Negative comments don’t go live on the app for 48 hours; they simply go into the inbox of the person who got the negative review and then are given a chance to work it out with the person who wrote the review. If you can’t work it out with the person you can publicly defend yourself by commenting on the negative review.

In addition to their user-generated rating, Peeple users will also have a positivity rating, based on how many negative reviews you have given to others (the site defines any rating of two stars or lower as negative). The more negative reviews you give, the lower your positivity rating will be; the more positive ratings you give, the higher your positivity rating will be.

If you're anything like me, the thought of this entire project made your socially anxious blood run cold. Was this truly, as the Post piece called it, "Yelp, but for humans"? Well, there is some good news for those of us who would prefer to not have the cold light of the internet shined upon our many personal failings (I mean, more so than it already is): anyone who does not sign up for a Peeple account themselves will only have positive reviews show under their name — as per the Post, "If you haven’t registered for the site, and thus can’t contest those negative ratings, your profile only shows positive reviews." So despite how terrifying the idea first seems, Peeple isn't an internet popularity contest that we'll all be unwillingly forced to participate in.

Though Peeple's website refers to the app as "a concept that has never been done before in a digital space," it is reminiscent of two previous websites that allowed people to rate and review other people. The most obvious would be Lulu, the dating app that allows women to review men they've gone out with, by using a set of predetermined hashtags (Lulu now only allows users to rate men who have opted in to be rated by the app). The review aspect also reminds me of OG social network Friendster, which allowed you to post endorsements of your friends (which most of us used to post absurdist in-jokes about WB sitcoms)(what? It was the '00s, there were literally no other ways to entertain yourself. Check your history books!).

It's also pretty impossible to not notice that this app is eerily similar to the fictional app MeowMeowBeanz, from the TV show Community:

Totally like all those old sci-fi movies that basically predicted smartphones, right? Of course I'm right.

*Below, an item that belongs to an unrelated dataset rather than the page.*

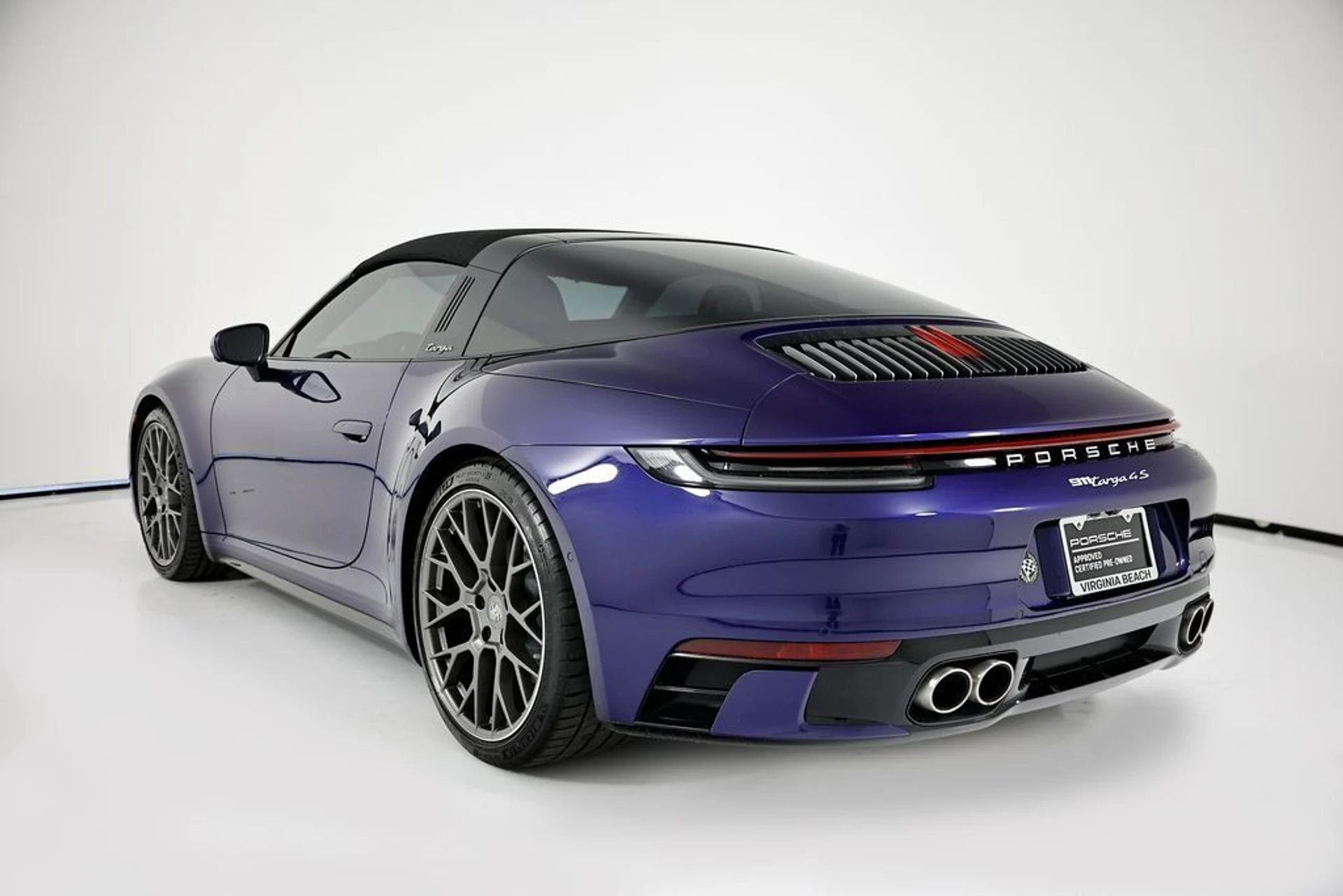 mph002_3007911996_9d1c2ae16760b39b3824613178533bde_ae8a18e954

I believe that the app's creators have good intentions when they say that the app aims to help people develop a "strong online reputation and get job opportunities, access to more networking opportunities with like-minded people, interact with other single people, and have the ability to search others to make better decisions around your greatest assets such as your family." They also offer a few options for people displeased with their reviews, like a system that allows users to red-flag bullying comments or ratings made by people that they don't know.

But even though access to the app is limited to people aged 21 and over, it's not very hard to imagine immature people running amok here and creating unnecessary drama — I mean, some of the most immature people I know are able to legally drink (now that I think about it, perhaps they are that immature precisely because they are able to legally drink).

And if that drama gets to you and you'd like to get off the app, it's not that simple — according to the site's FAQ, the option of removing yourself from Peeple once you sign up is not an option at this time, though "[w]e may consider this feature in the future." It's also notable that others can sign you up for Peeple — the site notes that:

If the person you are searching for is not in the app you can add their name, profile picture, and start their profile by rating them. You will need their cell phone number to start their profile and they will receive a text that you were the person to start their profile.

Sure, since you didn't opt in, your profile will only show positive reviews. But what about people who don't want to be rated at all?

In the end, Peeple probably won't upend people's lives as much as the Post profile — which describes the app as "so obsessed with the perceived magic of crowd-sourced data that it fails to see the harms to ordinary people" — worries it will. Men are still able to date in the post-Lulu world, and people will still be able to live in the post-Peeple world — a lot of people may even enjoy it. But for those of us who are interested in leaving less of a social imprint on the web — even a positive one — the idea of a ratings-based social network that someone else can sign you up for may indeed feel like a step in an unnervingly sci-fi direction.